9 min read

Streaming Data Lakehouse Foundations: Powering Real-Time Insights with Kafka, Flink, and Iceberg

Discover how Kafka, Flink, and Iceberg form the bedrock of streaming data lakes, revolutionizing real-time data processing and analysis. This article explores the seamless integration of these powerful technologies, enabling organizations to harness the full potential of their streaming data.
Streaming Data Lakehouse Foundations: Powering Real-Time Insights with Kafka, Flink, and Iceberg
The modern streaming data lakehouse stack

In the fast-paced world of data, the need for real-time insights has never been more critical. Enter the streaming data lake, a dynamic reservoir that harnesses the power of continuous data streams. To build this foundation, we turn to three formidable technologies: Kafka, Flink, and Iceberg. These three champions seamlessly integrate to create a data processing powerhouse, enabling organizations to unlock the true potential of their streaming data. Get ready to dive into the world of streaming data lakes, where real-time analytics reign supreme!

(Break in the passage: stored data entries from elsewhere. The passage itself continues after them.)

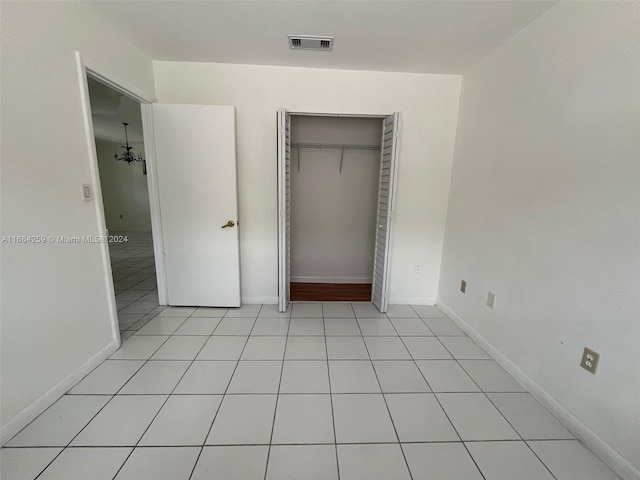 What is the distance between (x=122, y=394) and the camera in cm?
164

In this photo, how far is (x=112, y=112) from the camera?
418cm

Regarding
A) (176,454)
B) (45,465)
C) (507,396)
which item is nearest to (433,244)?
(507,396)

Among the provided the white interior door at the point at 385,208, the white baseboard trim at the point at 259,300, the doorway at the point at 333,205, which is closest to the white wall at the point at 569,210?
the white interior door at the point at 385,208

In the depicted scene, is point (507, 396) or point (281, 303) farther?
point (281, 303)

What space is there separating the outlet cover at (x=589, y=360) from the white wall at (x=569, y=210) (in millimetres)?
28

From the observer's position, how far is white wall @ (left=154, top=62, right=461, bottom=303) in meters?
2.53

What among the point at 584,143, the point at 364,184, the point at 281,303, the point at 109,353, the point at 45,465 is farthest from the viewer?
the point at 364,184

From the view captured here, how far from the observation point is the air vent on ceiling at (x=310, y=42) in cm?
200

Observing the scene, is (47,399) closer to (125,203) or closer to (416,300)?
(416,300)

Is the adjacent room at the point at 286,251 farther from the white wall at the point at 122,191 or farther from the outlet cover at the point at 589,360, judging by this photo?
the white wall at the point at 122,191

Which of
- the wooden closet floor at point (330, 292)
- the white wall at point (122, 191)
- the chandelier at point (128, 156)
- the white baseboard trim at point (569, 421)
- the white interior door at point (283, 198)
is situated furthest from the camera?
the white wall at point (122, 191)

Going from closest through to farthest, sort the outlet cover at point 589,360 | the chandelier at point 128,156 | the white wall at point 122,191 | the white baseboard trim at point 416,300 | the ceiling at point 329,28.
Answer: the outlet cover at point 589,360 → the ceiling at point 329,28 → the white baseboard trim at point 416,300 → the chandelier at point 128,156 → the white wall at point 122,191

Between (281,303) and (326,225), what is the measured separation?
4.66 feet

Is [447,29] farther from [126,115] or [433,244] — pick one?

In this article, we'll go over these concepts, technologies in a bit more detail and take a look at a locally reproducible, minimal implementation of the stack.

Building Blocks

Alright, with that short rant over, let's go over our architectures main building blocks in a little bit more details and see an implementation example as well.

Data Lake

A data lake is a central repository that stores structured, semi-structured, and unstructured data at any scale. Unlike traditional data warehousing approaches, data lakes allow organizations to store raw data without upfront transformation, providing the flexibility to analyze data in its native format. Data lakes provide a foundation for various data processing and analytics workflows, including batch processing and real-time streaming analytics.

For a quick getting started guide on implementing a data lake at home, check out my other article.

In our little local data lakehouse, we'll implement the data lake using MinIO, an amazing open-source object storage (I rave about it more here.)

  minio:
    image: minio/minio
    container_name: minio
    environment:
      - MINIO_ROOT_USER=admin
      - MINIO_ROOT_PASSWORD=password
      - MINIO_DOMAIN=minio
    networks:
      iceberg_net:
        aliases:
          - warehouse.minio
    ports:
      - "9001:9001"
      - "9000:9000"
    command: [ "server", "/data", "--console-address", ":9001" ]

  mc:
    depends_on:
      - minio
    image: minio/mc
    container_name: mc
    networks:
      iceberg_net:
    environment:
      - AWS_ACCESS_KEY_ID=admin
      - AWS_SECRET_ACCESS_KEY=password
      - AWS_REGION=us-east-1
    entrypoint: >
      /bin/sh -c "
      until (/usr/bin/mc config host add minio http://minio:9000 admin password) do echo '...waiting...' && sleep 1; done;
      /usr/bin/mc rm -r --force minio/warehouse;
      /usr/bin/mc mb minio/warehouse;
      /usr/bin/mc policy set public minio/warehouse;
      tail -f /dev/null
      "

The minio service starts the actual object storage process, while the mc one runs once, creating our bucket which will serve as the main storage entry point for our lake.

Apache Kafka

Source: Confluent

Apache Kafka is a distributed streaming platform that provides a publish-subscribe model for real-time data streaming. It is designed to handle high volumes of data and offers fault tolerance, scalability, and durability. Kafka allows producers to publish data to topics, while consumers subscribe to these topics to process the data in real time. Kafka's architecture ensures data replication and fault tolerance, making it highly reliable for mission-critical applications.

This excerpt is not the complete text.